Using rocks wrapped with wire, Chinese attacked Indian soldiers
The Chinese aggravated the situation by attacking Indian soldiers with boulders. They also wrapped rocks with barbed wire and nailed wooden logs and used them for the clash. Colonel Santosh Babu was injured in the attack. The Indian side took him and another injured havaldar away from the spot, leaving some soldiers, who were reportedly held captive by the Chinese. No shots were fired.
China reportedly lost 43 soldiers after Indian troops attacked
Nearly 40 minutes after the first clash, the same unit returned to ground zero, this time led by a Major, and things escalated further. Indian troops retaliated strongly, injuring some 55-56 Chinese soldiers. The number couldn't be confirmed but ANI said China lost 43 soldiers. The clash continued for hours. All this happened near a ridge and some soldiers fell into the Galwan river.
Initially, it was reported three soldiers were martyred
According to India Today, a brigadier-level Chinese officer waved for peace. Several Indian soldiers were fished out from the river. After initially pegging the number of martyred soldiers to three, the Indian Army in a late evening statement said 17 soldiers who "were critically injured in the line of duty and exposed to sub-zero temperatures at the standoff location succumbed to their injuries".
In 1967, India lost 88 soldiers, China over 300
This violent clash is the deadliest one since 1967 when 88 Indian soldiers were martyred at Nathu La. The Chinese suffered over 300 casualties. Back then, the bone of contention became India's decision to fence the border using three layers of barbed wire. On September 5, the work stopped after an argument with the Chinese and resumed two days later.
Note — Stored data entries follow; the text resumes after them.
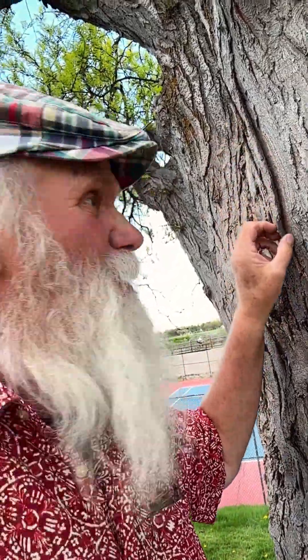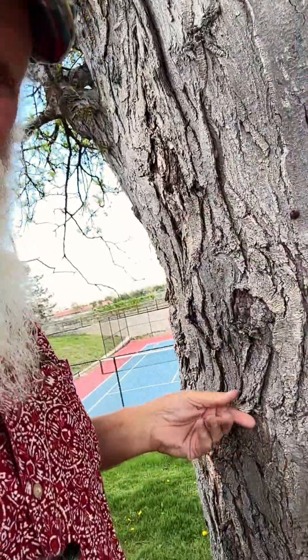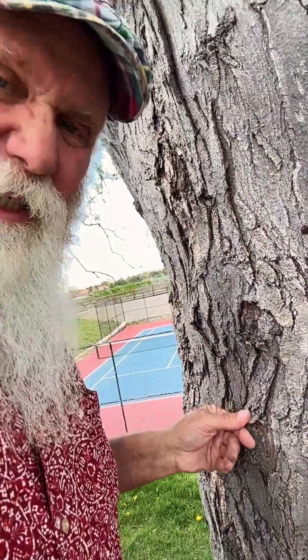Is the bark on your tree starting to look like it's peeling, or it might come off, or in some cases it actually does come off? Well, it's important to know the species of trees because every tree is very different in the way that the bark matures as it gets older. On this locust, everything that you see here is totally normal. On something like a London plane or a sycamore, it'll actually let that bark, that outer layer, fall off completely. Also madrones and eucalyptus do that.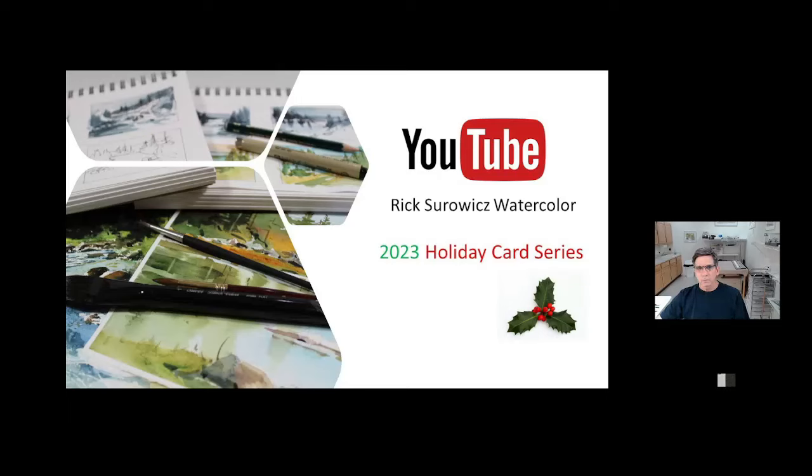Hi everyone, this is Rick here in the studio. Welcome to my YouTube channel, Rick's Rowitz Watercolor. Once again this year I'm publishing a series of holiday card videos for the project page of my website. This will be the fourth year that I've done this, and if you go to the project page on my website, you'll find the series for each of the four years.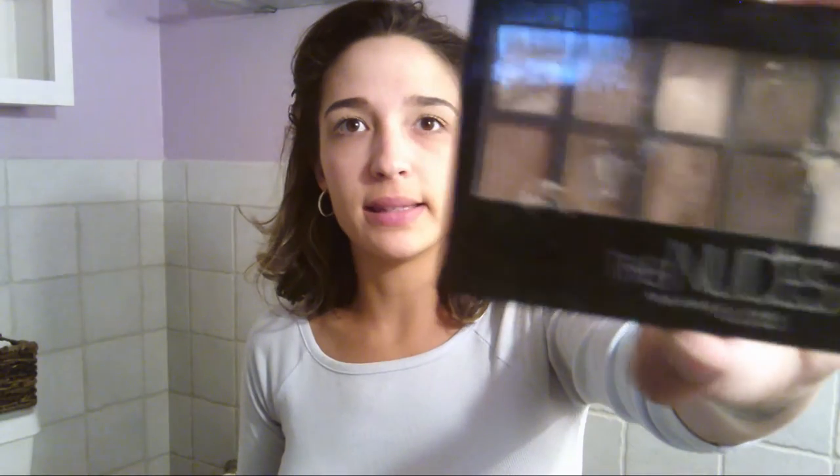Next I'm going to take this Nude by Maybelline — I feel like everybody pretty much has this palette. As you can see, it's been through the works. I'm going to take a flat eyeshadow brush and take the third color from the left — it's the lightest one in the palette, like a beige color — and just put that all over my lid to start. That's really going to brighten up the eye. I always focus the brightest colors in the center of the eye, especially in TV, and then darker on the corners.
Chinese hit Colonel, India attacked posts
Irked by the fencing, over 100 Chinese soldiers clashed with Indians. On September 11, when Colonel Rai Singh went to talk, the Chinese opened fire, and he fell on the ground. The infantry battalion then hit the Chinese post, but not without suffering casualties. Later, the Indian side attacked every other Chinese post in the vicinity, inflicting heavy damage on the other side.